Joe Biden made more comments about the Keystone XL pipeline project on Friday and Alberta’s premier was quick to fire back.

The presumptive Democratic nominee reiterated his promise to stop the project if he’s elected U.S. president.

“I’ve been against Keystone from the beginning. It is tarsands that we don’t need — that in fact is very, very high pollutant,” Biden said in an interview with CNBC.

Biden said he wouldn’t want to stop all oil projects immediately, but vowed to transition the U.S. “gradually… to a clean economy.”

He said Keystone “does not economically, nor, in my view, environmentally, make any sense.”

At a news conference in Calgary, Alberta Premier Jason Kenney was asked about what Biden said.

“It’s a hugely important strategic development for the United States that North America is now energy independent — no longer dependent on imports from OPEC dictatorships like Venezuela and Saudi Arabia.”

Kenney also pointed out the impact the original Keystone pipeline has on American jobs.

“The Keystone pipeline began operating a decade ago,” the premier said. “It delivers about 600,000 barrels a day of heavy Alberta crude to refineries primarily in the Midwest in Illinois.

“We would hope to have a chance to ensure Mr. Biden was aware of these facts and also aware that the building trades union, the construction unions, the steelworkers unions — which are traditional supporters of Mr.
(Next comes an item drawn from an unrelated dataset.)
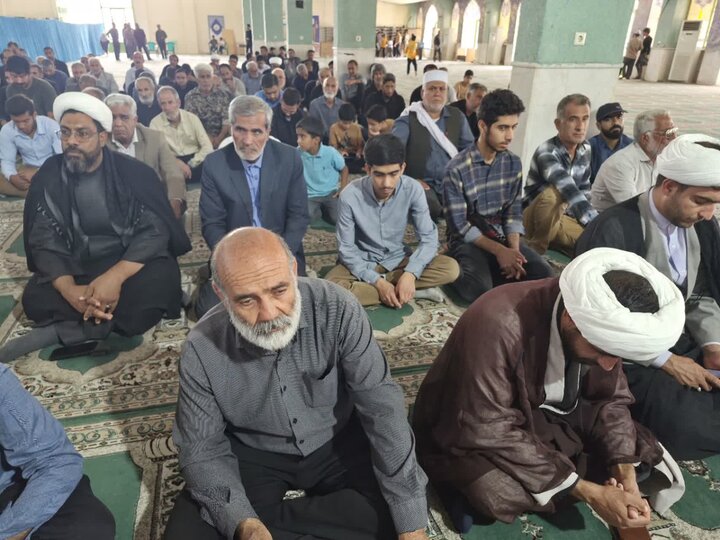 تصاویر/ اقامه نماز جمعه در شهر عنبر آباد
Biden’s party — are strongly in favour of the Keystone XL pipeline expansion, which has already crossed the border, which is creating thousands of jobs on both sides of the border and which will ensure that the United States is no longer dependent on OPEC crude,” Kenney said.

He also disputed Biden’s claims that the pipeline is neither economically viable nor environmentally responsible.

“He said Keystone is not economically viable,” Kenney said. “It has been operating for 10 years, profitably and successfully, both for the refineries, American consumers and Canadian producers.

“Keystone XL is obviously economically viable because the shippers have signed up for long-term contracts to ensure that and the refineries in the U.S. are desperate for the product.”

“He also said that Keystone — and I’m going to assume he meant here Keystone XL — was not environmentally responsible,” Kenney added.

“But, in fact, two reports conducted by the U.S. State Department, under the leadership of then-Secretary of State Hillary Clinton and President Barack Obama, concluded that Keystone XL would actually reduce CO2 emissions because shipping oil by pipeline means substantially lower emissions than the alternative, which is shipping it by rail.”

Kenney said he looks forward to having the opportunity to make sure Biden is “aware of these facts.”

“One way or another, the American economy needs this energy,” he said.

“It will either get it from the socialist dictatorship and OPEC state Venezuela or from the American ally and democratic free-market economy of Alberta. And either it will be shipped from Alberta to U.S. refineries by rail with higher carbon emissions or safely by pipe with lower carbon emissions.”